Her Wellingtons squelched as she shifted within the sodden indents of the manicured lawn. She tucked a stray wisp of white blond hair back under her bandanna and straightened her gloves, ready to work. With a resolute nod, she stomped forward through the wet morning into the shade of the trees. She had nothing to fear here. She was an adult, experienced in forestry and ready to respect the biodiversity that lay before her. The forest would be her friend once more, if not on a magical plane, then on a basic, fundamental one.
Gillian crouched low and picked at blistering bark at the exposed root of an old oak, exposing dark sap. Even the soil around the base of the trunk had a fetid stench, something completely foreign to her sensory memory of the wood. The scent she remembered was earthy and green, this had a touch of hot garbage. There was some sort of disease at play she hadn’t seen before; never in her research or hands-on work with the department of forestry in Flagstaff, Arizona. She took a few photographs of the decay, a sample of the staining sap, and made a note of the location for her report.
So much and so little had changed in the wood at Bailey Towers since she’d left. Expansion of the hotel itself meant the forest served as inexpensive waste disposal for the blasted limestone from the hillside. Still, with piles of rubble haphazardly dumped without regard to the growth in the wood, life flourished. If she hadn’t remembered so exactly the paths and rises, she might not have even noticed the dumping ground. Now covered in ivy, ferns, and rampant holly bushes, the rubble blended in. The forest had claimed it with the most basic of motives—life. Now something threatened that life.

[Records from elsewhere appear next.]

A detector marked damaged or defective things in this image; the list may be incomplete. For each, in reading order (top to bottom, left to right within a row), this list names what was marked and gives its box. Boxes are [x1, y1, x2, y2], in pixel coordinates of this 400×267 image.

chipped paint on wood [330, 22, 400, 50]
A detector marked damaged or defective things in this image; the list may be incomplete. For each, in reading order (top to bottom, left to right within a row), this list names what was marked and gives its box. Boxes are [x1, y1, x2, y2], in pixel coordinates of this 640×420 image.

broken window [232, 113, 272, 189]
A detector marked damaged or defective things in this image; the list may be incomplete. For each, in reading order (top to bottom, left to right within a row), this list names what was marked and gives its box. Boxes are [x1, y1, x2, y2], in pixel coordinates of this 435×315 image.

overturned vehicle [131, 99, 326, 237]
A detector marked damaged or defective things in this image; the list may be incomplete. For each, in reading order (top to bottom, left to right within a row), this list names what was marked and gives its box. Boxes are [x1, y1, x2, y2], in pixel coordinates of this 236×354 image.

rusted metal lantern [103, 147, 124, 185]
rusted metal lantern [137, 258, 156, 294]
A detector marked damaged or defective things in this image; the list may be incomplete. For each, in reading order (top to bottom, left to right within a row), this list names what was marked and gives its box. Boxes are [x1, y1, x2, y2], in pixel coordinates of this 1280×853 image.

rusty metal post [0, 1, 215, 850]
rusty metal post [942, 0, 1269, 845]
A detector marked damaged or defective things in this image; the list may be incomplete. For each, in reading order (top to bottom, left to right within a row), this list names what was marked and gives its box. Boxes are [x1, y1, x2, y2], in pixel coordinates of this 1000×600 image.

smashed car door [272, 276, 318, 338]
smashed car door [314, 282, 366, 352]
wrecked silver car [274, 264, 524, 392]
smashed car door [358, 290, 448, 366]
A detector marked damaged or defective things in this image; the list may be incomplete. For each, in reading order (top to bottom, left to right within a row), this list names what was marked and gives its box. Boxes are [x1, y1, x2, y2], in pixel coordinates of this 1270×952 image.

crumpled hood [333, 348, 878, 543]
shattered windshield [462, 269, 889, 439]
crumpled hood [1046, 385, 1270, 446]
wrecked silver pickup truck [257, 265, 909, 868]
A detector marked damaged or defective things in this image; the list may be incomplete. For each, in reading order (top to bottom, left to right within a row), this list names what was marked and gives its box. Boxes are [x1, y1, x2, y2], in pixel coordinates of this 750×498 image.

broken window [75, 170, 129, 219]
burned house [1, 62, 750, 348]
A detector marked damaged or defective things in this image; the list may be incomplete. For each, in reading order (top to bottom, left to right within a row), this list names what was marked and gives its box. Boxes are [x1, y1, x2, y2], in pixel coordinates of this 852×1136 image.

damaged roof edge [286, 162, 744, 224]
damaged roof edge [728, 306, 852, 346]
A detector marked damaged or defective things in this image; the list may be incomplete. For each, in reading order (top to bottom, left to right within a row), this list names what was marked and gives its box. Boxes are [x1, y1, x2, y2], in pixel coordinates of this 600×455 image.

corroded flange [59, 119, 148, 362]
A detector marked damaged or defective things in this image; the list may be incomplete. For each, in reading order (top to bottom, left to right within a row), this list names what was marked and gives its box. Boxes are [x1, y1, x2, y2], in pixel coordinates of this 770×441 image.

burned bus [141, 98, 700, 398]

Closing her eyes, she tried to remember that sense of connection from all the years past. Silence surrounded her, the intensity of it punctuated by the light thrumming of drizzle on the canopy above. She shook her head and continued her trek back toward temporary shelter from the increasing spring rain. Bluebells, vibrant drops of sky scattered throughout the thick green carpet of the forest, swayed and bobbed in the wake of her passing. This was how she remembered the wood, vibrant and glorious.